§ **What this task involves**
Down to the last line below, repeat the entries word for word and drop the pictures.

───── Data supplied ─────

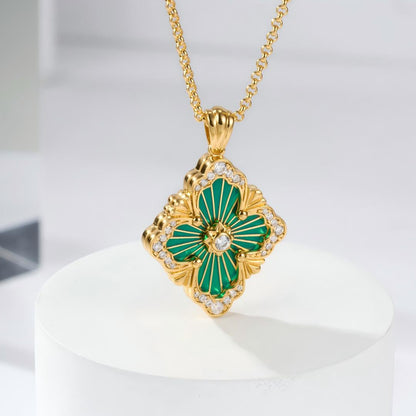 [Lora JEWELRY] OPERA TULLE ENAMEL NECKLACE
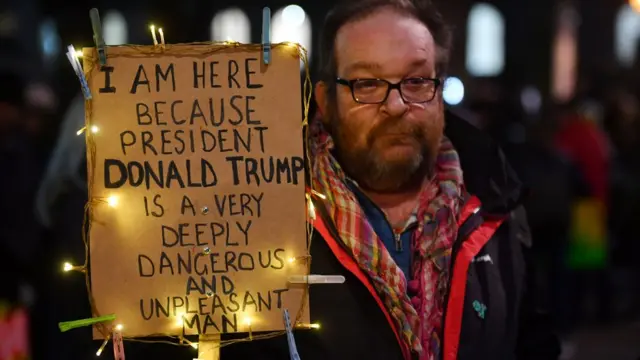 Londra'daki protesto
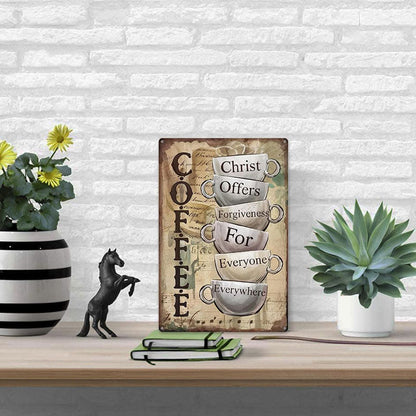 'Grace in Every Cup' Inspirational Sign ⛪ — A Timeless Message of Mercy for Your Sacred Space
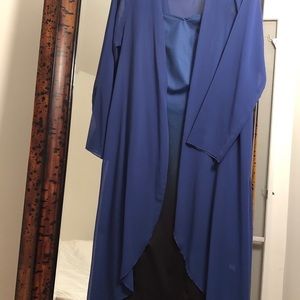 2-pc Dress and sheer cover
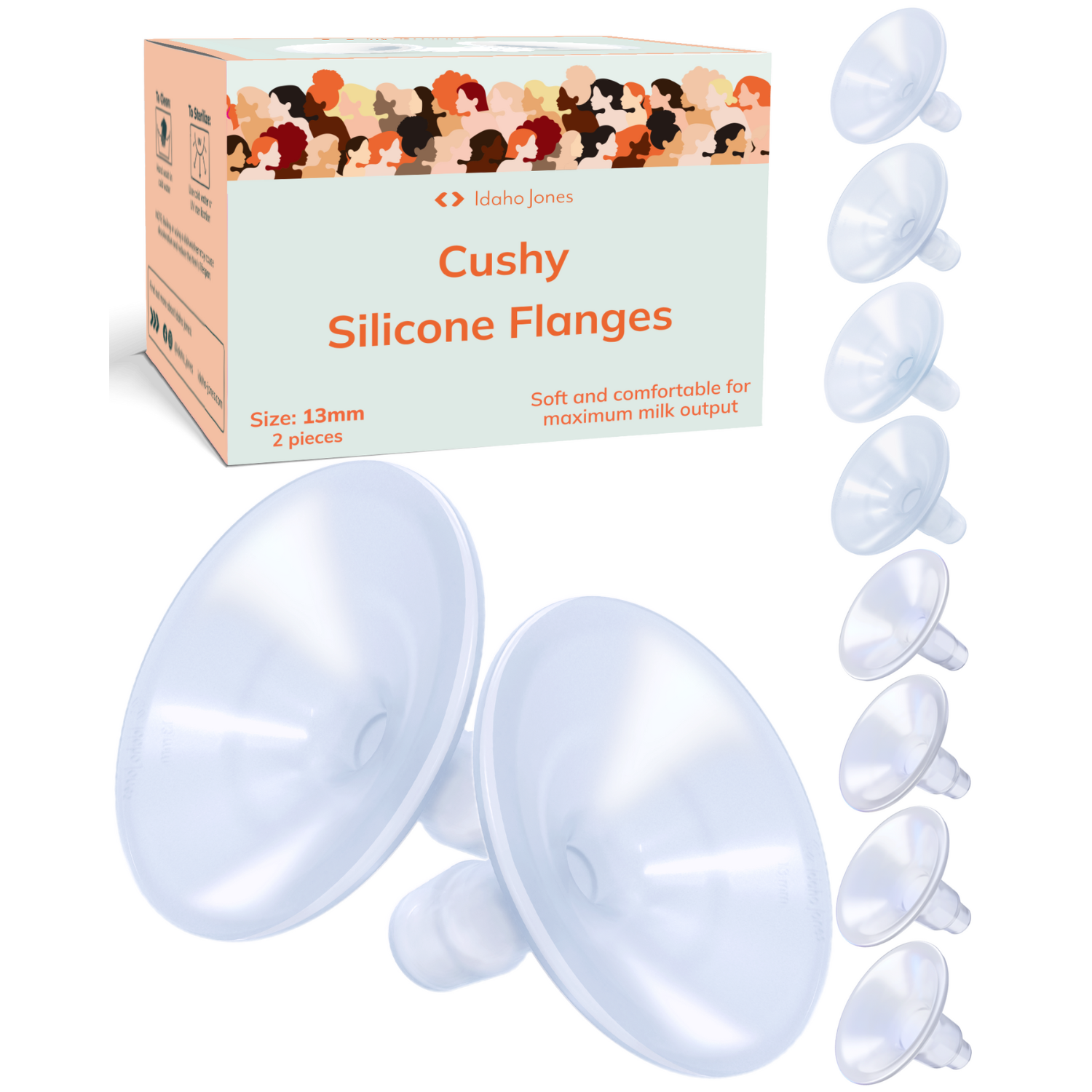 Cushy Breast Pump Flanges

─────

§ **Written answer**
 [Lora JEWELRY] OPERA TULLE ENAMEL NECKLACE
 Londra'daki protesto
 'Grace in Every Cup' Inspirational Sign ⛪ — A Timeless Message of Mercy for Your Sacred Space
 2-pc Dress and sheer cover
 Cushy Breast Pump Flanges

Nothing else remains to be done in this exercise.